Exercise> With the pictures omitted, repeat exactly the lines below starting with the line that has "You can see that" and going on through the line that has "How to connect".

┄┄┄┄┄┄┄┄┄┄

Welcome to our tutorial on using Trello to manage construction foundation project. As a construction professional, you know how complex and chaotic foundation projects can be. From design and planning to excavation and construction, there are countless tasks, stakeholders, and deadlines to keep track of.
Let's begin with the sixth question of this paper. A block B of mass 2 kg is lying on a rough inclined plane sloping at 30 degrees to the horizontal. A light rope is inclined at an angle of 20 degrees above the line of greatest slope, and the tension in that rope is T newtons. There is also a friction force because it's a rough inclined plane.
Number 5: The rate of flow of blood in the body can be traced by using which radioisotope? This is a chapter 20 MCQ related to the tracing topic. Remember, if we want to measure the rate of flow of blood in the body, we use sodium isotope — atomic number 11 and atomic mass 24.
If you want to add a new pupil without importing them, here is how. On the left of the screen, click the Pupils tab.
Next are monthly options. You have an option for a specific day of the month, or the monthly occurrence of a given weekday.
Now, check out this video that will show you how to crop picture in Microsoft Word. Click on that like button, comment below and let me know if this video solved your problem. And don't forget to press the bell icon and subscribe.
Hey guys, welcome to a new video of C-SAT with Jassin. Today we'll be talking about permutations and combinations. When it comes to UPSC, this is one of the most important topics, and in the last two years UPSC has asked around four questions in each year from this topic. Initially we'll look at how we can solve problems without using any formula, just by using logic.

┄┄┄┄┄┄┄┄┄┄

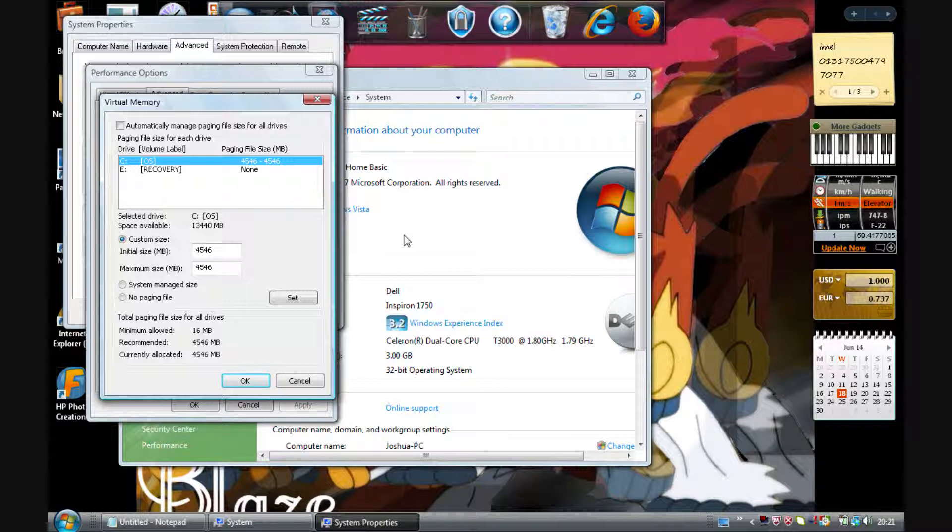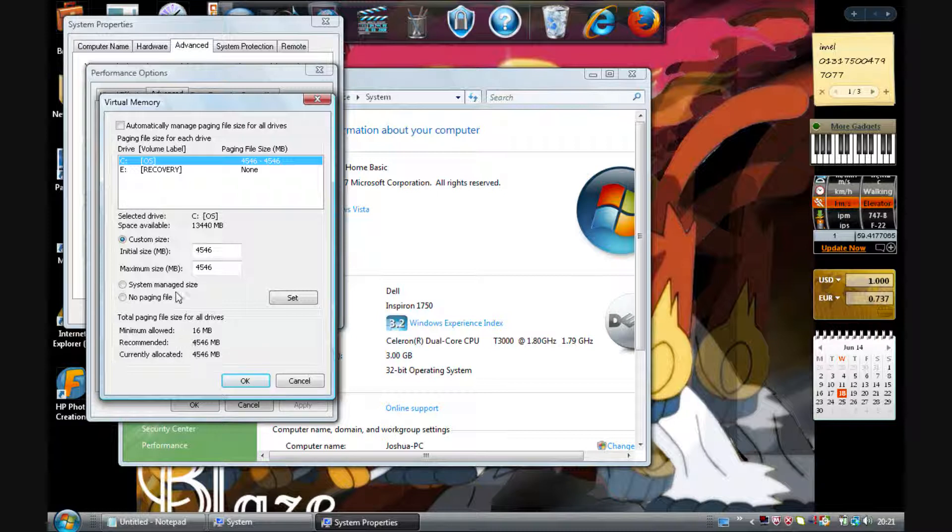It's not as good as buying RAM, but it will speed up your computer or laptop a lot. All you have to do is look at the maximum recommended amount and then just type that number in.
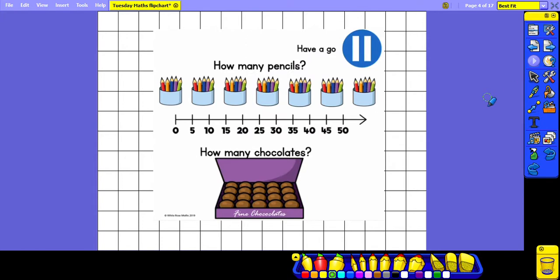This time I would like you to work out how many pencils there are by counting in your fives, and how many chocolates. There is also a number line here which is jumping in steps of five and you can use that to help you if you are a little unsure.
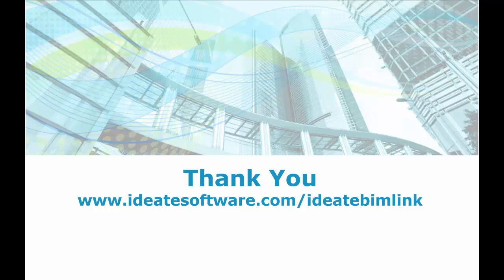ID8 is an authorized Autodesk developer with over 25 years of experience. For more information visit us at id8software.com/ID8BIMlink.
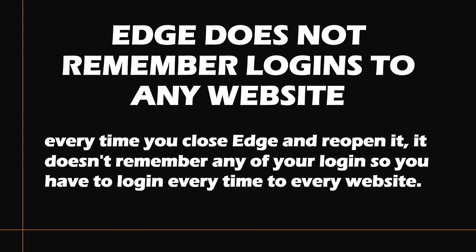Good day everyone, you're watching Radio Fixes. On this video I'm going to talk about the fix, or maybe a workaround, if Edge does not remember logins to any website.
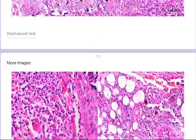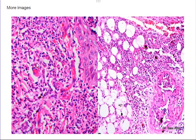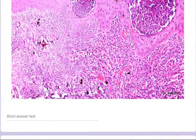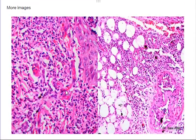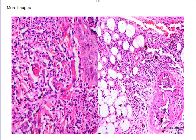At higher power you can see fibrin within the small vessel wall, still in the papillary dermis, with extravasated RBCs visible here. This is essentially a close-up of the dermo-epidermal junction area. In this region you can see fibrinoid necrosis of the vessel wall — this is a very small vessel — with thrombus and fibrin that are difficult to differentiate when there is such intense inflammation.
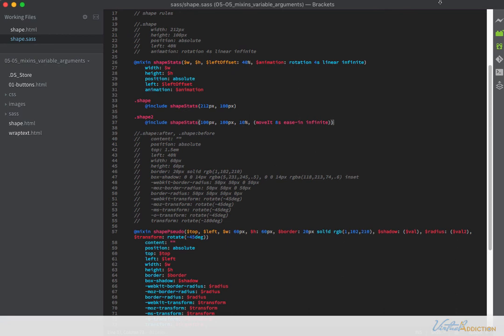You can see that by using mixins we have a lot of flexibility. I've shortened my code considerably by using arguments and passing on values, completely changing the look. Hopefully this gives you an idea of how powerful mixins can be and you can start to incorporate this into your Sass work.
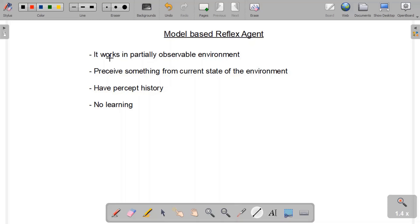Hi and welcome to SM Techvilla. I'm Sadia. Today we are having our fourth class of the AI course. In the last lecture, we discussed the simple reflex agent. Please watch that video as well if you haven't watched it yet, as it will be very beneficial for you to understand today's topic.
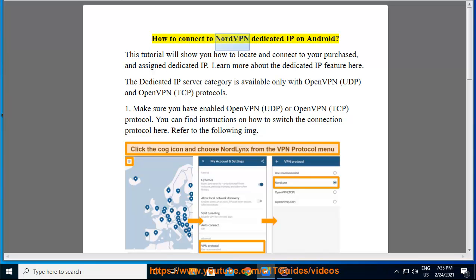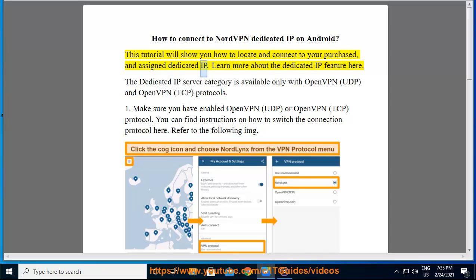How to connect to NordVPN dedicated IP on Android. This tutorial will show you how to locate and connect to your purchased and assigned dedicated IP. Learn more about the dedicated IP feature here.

┄┄┄┄┄┄┄┄┄┄

Expected answer>
You can see that by using mixins we have a lot of flexibility. I've shortened my code considerably by using arguments and passing on values, completely changing the look. Hopefully this gives you an idea of how powerful mixins can be and you can start to incorporate this into your Sass work.
Hi and welcome to SM Techvilla. I'm Sadia. Today we are having our fourth class of the AI course. In the last lecture, we discussed the simple reflex agent. Please watch that video as well if you haven't watched it yet, as it will be very beneficial for you to understand today's topic.
How to connect to NordVPN dedicated IP on Android. This tutorial will show you how to locate and connect to your purchased and assigned dedicated IP. Learn more about the dedicated IP feature here.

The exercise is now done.